Aerospace contractor launches hyperloop R&D
China Aerospace Science and Industry Corp, one of the nation's major space contractors, announced that it has launched research and development into a futuristic ultrafast transportation system, popularly known as a hyperloop, in Wuhan, Hubei province, on Aug 30. The CASIC hyperloop will be a maglev - magnetic levitation - line on which a streamlined, engineless train will travel on partly elevated tubes or tunnels at superfast speeds reaching 1,000 kilometers per hour, according to a news release published by the company at the Third China International Commercial Aerospace Forum in Wuhan. CASIC is the first Chinese enterprise and the world's third, following the United States' Hyperloop Transportation Technologies and Hyperloop One, to start developing a hyperloop system capable of reaching 1,000 km/h. The project will benefit from the company's experience in systems engineering and supersonic vehicles, CASIC says.

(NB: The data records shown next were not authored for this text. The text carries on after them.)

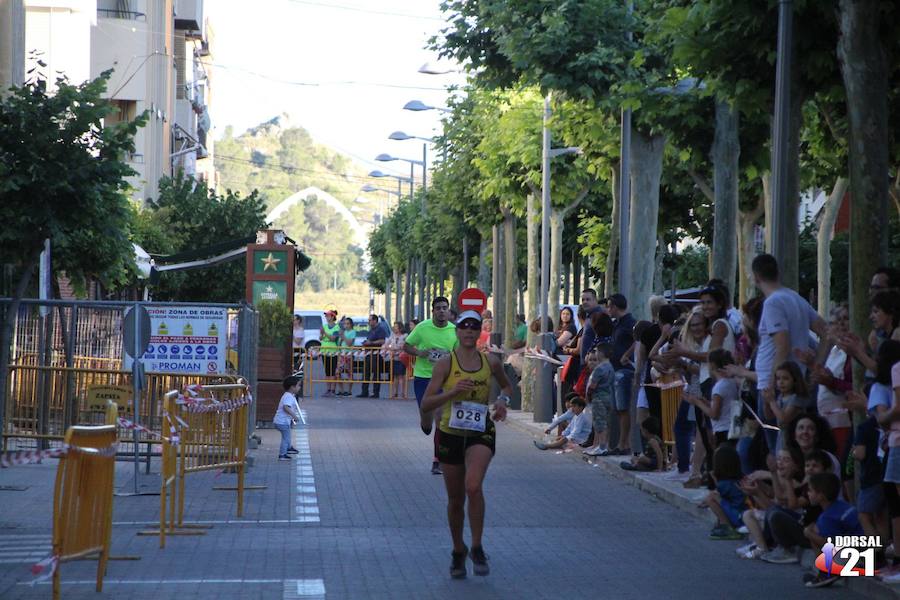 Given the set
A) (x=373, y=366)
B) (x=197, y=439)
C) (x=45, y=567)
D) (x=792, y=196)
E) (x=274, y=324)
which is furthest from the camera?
(x=373, y=366)

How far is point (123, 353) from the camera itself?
67.8ft

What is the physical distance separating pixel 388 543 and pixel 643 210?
14.2 metres

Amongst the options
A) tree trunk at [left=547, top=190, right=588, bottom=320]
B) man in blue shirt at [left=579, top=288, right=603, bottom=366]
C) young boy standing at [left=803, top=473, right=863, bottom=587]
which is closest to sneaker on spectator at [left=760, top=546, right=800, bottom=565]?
young boy standing at [left=803, top=473, right=863, bottom=587]

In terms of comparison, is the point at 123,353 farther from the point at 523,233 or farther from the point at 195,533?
the point at 523,233

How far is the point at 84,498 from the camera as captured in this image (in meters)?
9.85

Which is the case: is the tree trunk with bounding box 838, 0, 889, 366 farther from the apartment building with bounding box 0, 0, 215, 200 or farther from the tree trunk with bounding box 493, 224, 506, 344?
the tree trunk with bounding box 493, 224, 506, 344

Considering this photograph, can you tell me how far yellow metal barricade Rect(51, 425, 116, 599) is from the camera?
30.6ft

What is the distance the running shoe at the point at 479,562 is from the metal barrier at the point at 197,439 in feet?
9.39

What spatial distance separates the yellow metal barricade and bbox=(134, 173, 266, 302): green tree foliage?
3813cm

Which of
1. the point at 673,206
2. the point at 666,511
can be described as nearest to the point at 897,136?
the point at 666,511

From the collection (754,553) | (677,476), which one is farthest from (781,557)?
(677,476)

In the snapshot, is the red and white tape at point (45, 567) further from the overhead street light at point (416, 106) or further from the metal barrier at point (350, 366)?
the overhead street light at point (416, 106)

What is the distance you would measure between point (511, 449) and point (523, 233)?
30.8m

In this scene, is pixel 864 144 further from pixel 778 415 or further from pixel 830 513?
pixel 830 513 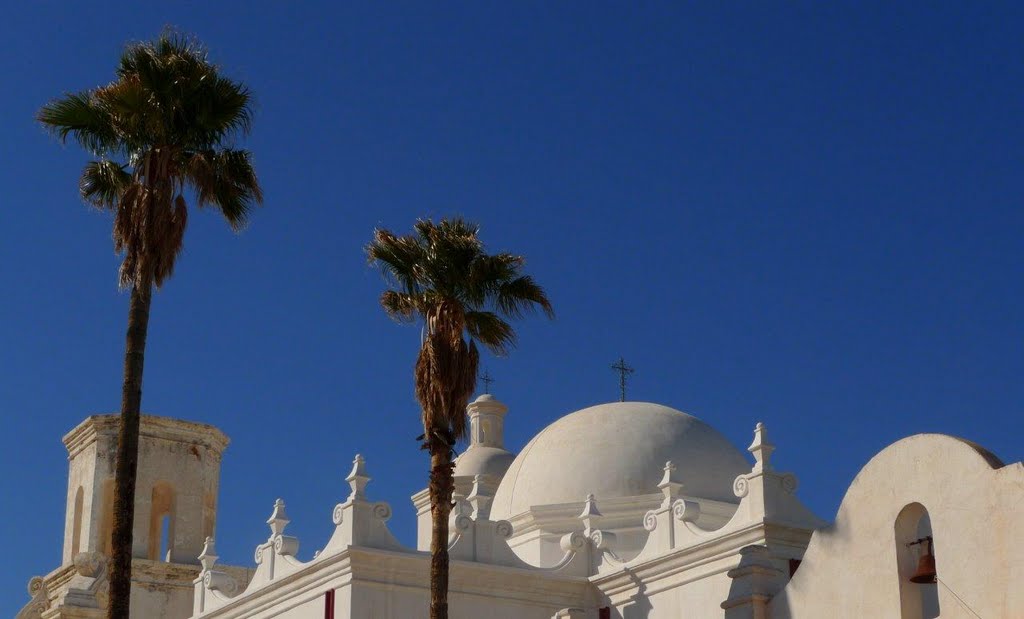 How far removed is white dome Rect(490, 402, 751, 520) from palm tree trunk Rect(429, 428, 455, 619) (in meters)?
11.7

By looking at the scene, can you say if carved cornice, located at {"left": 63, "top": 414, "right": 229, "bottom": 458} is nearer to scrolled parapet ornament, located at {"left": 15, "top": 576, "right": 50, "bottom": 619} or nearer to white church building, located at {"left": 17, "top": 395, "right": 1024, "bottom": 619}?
white church building, located at {"left": 17, "top": 395, "right": 1024, "bottom": 619}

Renminbi rises strongly against US dollar
China's central bank raised the yuan's official central parity rate to 6.6102 per US dollar on Aug 30, the strongest level since mid-August 2016. Analysts, however, expect that the currency will not continue to rise as strongly in the coming months if the dollar rebounds. The yuan's midpoint rate, set by the People's Bank of China and seen as a guide for market transactions, was 191 basis points higher than on Aug 29, when it already had risen by 60 basis points over Aug 28. The yuan has risen by about 5 percent against the dollar since the start of the year."The strengthening is built on China's economic fundamentals," says Zhao Qingming, chief economist at the China Financial Futures Exchange. "The trend is clear that the Chinese economy has started to stabilize and improve while the US economic recovery seems to be rather fragile."
Reforms to remove innovation barriers
China will step up reform to support innovation by removing barriers to entrepreneurship and innovation. The decision was made at a State Council executive meeting presided over by Premier Li Keqiang on Aug 30. The meeting decided that the government will roll out a host of reform measures that have been tested in eight areas, including the Beijing-Tianjin-Hebei region, Shanghai and the Pearl River Delta, since June 2016. Among them: Eligible foreign students with academic backgrounds equal to or above master's degree level will be able to apply for a work permit or a work-related residence permit. The one-stop application and issuance of work permits for foreign experts will also be made available nationwide.